Hmmm.. I still do not have access to https://gitlab.com/gitlab-jh/gitlab/-/issues/114#note_627059593. I get a 404 error. @pbair can you see the link above?

By Craig Gomes on 2021-08-04T14:27:59 (imported from GitLab)

@craig-gomes Yes, I can see it.

By Patrick Bair on 2021-08-04T14:41:58 (imported from GitLab)

Weird. I can see plenty of other issues in that project, but for some reason I cannot see #114

By Craig Gomes on 2021-08-04T15:38:56 (imported from GitLab)

It's a confidential issue. Are you a member of @gitlab-org/maintainers/database @craig-gomes ?

Edit: You don't seem a DB maintainer @craig-gomes.

By Chun Du on 2021-08-04T15:48:26 (imported from GitLab)

I just made @craig-gomes a developer in this project because I think it should be fine?

(PS @gitlab-org/maintainers/database is developer in the group gitlab-jh rather than this project)

By Lin Jen-Shin on 2021-08-04T15:56:52 (imported from GitLab)

That helped, now I can see it. Thank you @godfat-gitlab

By Craig Gomes on 2021-08-04T16:23:29 (imported from GitLab)

Now that I have access to see the discussion, when do you need feedback? We're pretty short-staffed in the database group right now.

By Craig Gomes on 2021-08-04T17:45:20 (imported from GitLab)

@craig-gomes Can you please comment on the two possible plans that @icbd mentioned in the description? Basically we need a long term solution for JH team to add DB migration files and initializers in JH repo. Thanks!

By Qian Zhang on 2021-08-11T07:52:18 (imported from GitLab)

Initializers should be a separate topic, unrelated to database. Can we make another issue for that? And I don't think there's an issue having jh/config/initializers. We just need to implement it.

By Lin Jen-Shin on 2021-08-11T08:57:00 (imported from GitLab)

The decision around migration files is secondary to the larger decision of how manage a separate schema from mainline GitLab.

In the linked comment: https://gitlab.com/gitlab-jh/gitlab/-/issues/114#note_627059593, it sounds like in this example the decision was to implement the functionality in upstream GitLab instead of the JH codebase. Is this not possible to do with other desired changes as well?

I don't have the historical context of problems encountered when GitLab had separate schemas between CE and EE, but taking a similar split here seems like it would be difficult to manage long term.

By Patrick Bair on 2021-08-11T14:39:13 (imported from GitLab)
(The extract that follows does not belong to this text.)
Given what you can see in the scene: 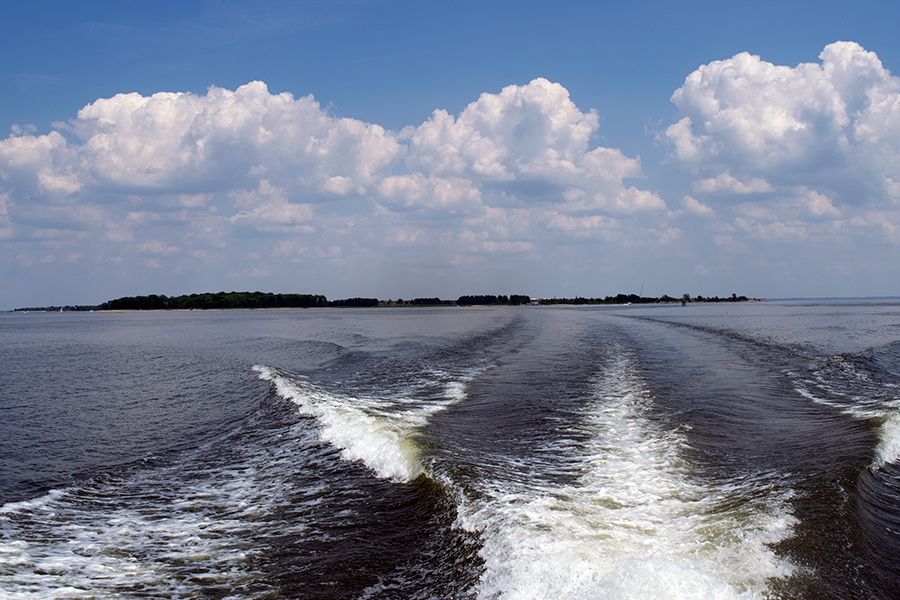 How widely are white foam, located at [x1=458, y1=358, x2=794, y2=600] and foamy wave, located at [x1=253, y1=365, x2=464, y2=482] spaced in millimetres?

And I don't think there's an issue having jh/config/initializers. We just need to implement it.

@godfat-gitlab Could you please elaborate a bit more? What do we need to implement?

In the linked comment: https://gitlab.com/gitlab-jh/gitlab/-/issues/114#note_627059593, it sounds like in this example the decision was to implement the functionality in upstream GitLab instead of the JH codebase. Is this not possible to do with other desired changes as well?

@pbair Yeah, for Zentao integration we have decided to directly implement in upstream repo since we all think it should be a CE & EE feature, but in future there will be some JH only features which may also need to introduce new migration files, that's why we have this issue to determine the long term solution for JH migration files.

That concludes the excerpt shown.